### What is expected:
Among the records below, find the line with "Welcome to the" and the line with "Self Adhesive Bank". Set down both and every line between, exactly and with no pictures, but nothing else.

### Material for this exercise:
┌──
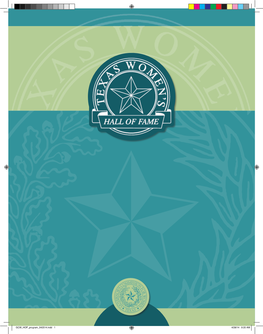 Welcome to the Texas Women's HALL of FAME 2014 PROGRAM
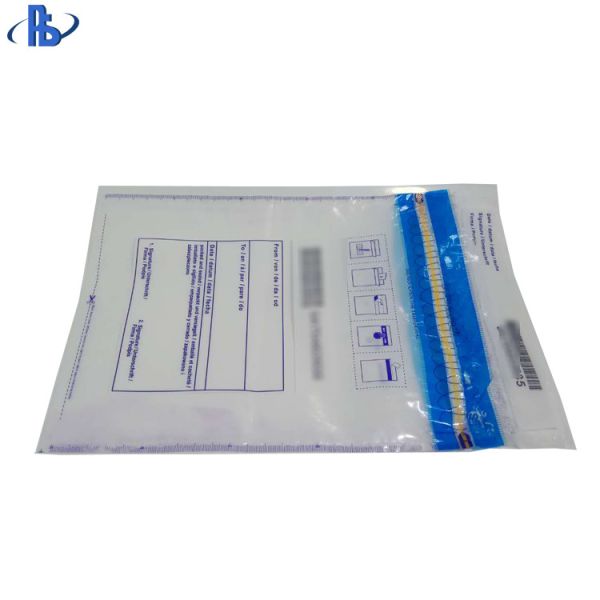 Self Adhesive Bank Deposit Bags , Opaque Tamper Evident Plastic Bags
└──
┌──
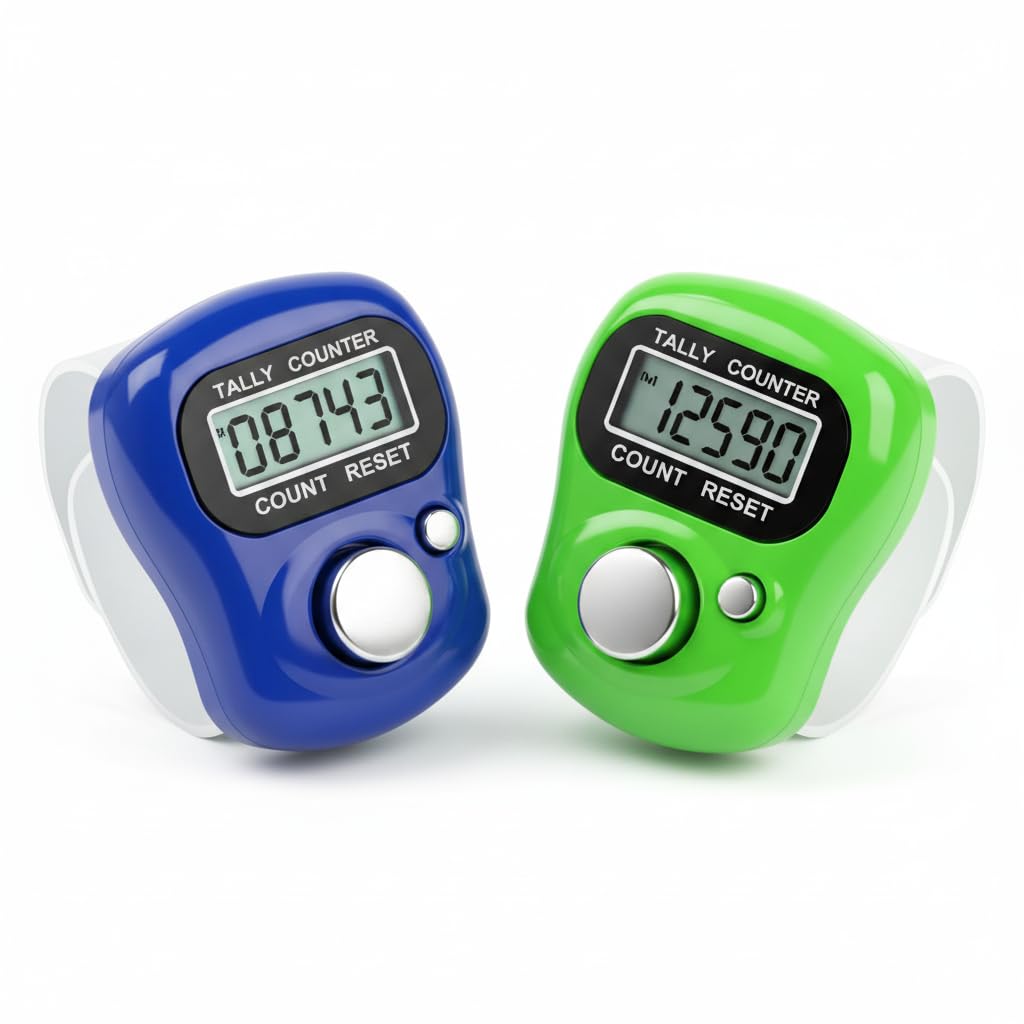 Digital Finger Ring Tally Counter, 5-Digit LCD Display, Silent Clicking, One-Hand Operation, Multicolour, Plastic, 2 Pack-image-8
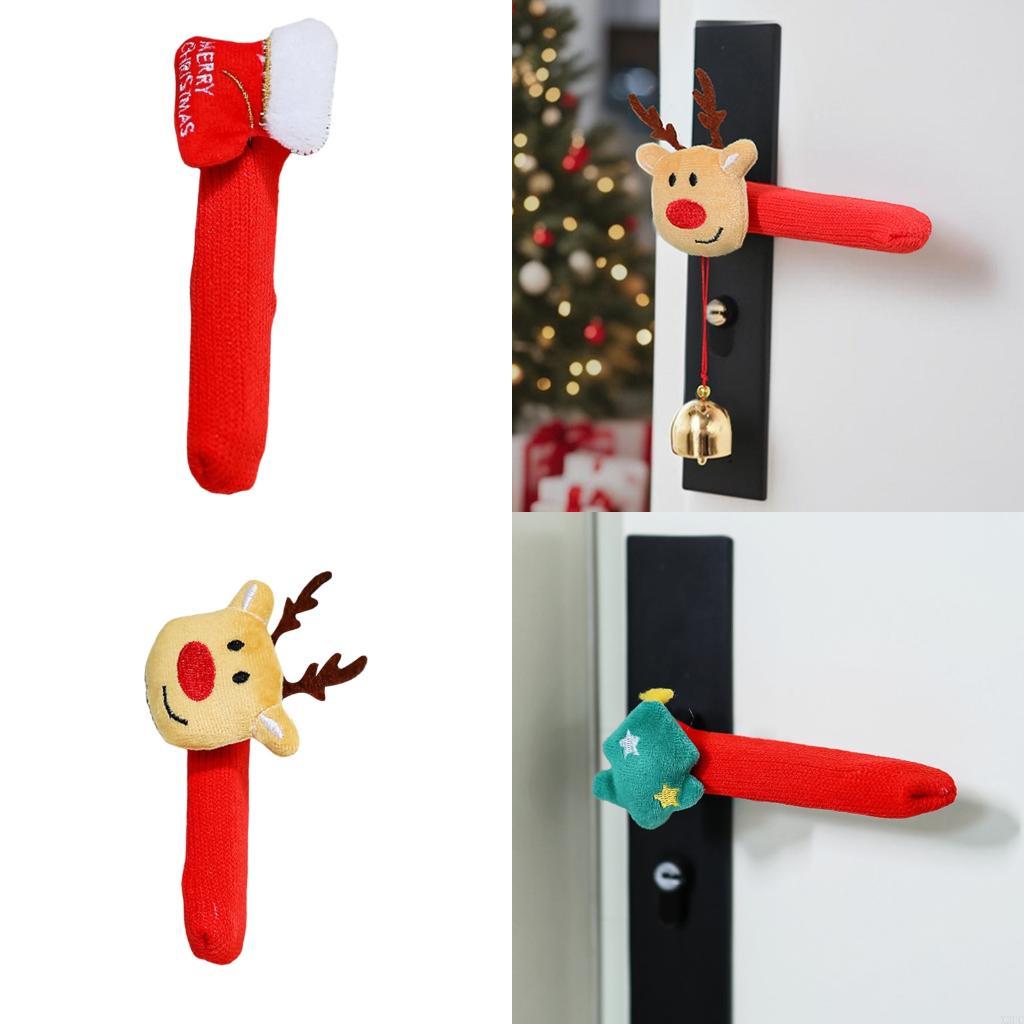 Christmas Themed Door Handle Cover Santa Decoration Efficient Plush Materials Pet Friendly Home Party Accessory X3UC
└──
┌──
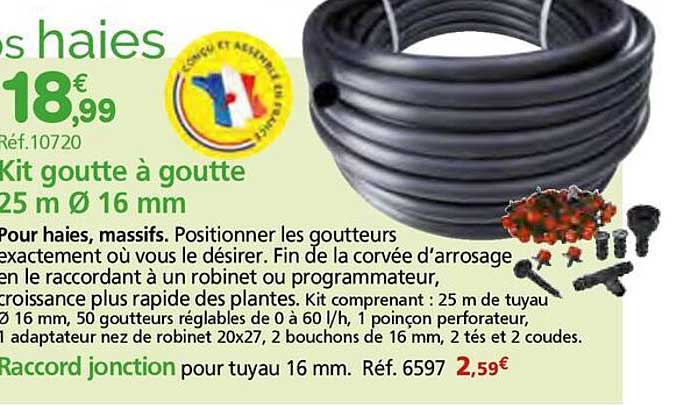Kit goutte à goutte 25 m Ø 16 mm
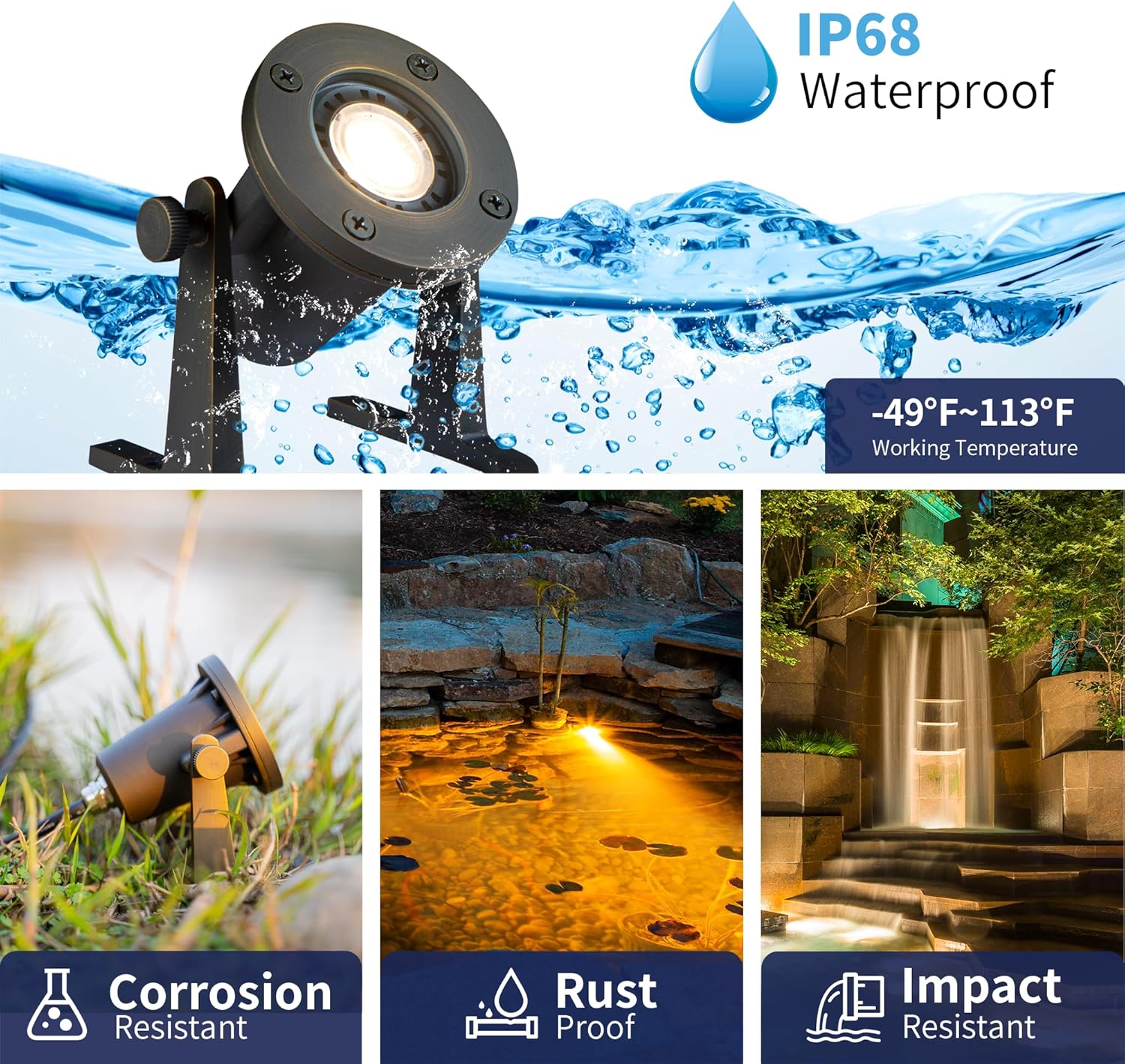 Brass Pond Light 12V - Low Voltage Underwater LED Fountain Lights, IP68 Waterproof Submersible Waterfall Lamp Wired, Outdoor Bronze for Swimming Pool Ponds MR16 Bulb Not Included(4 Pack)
└──
### Solution for this exercise:
 Welcome to the Texas Women's HALL of FAME 2014 PROGRAM
 Self Adhesive Bank Deposit Bags , Opaque Tamper Evident Plastic Bags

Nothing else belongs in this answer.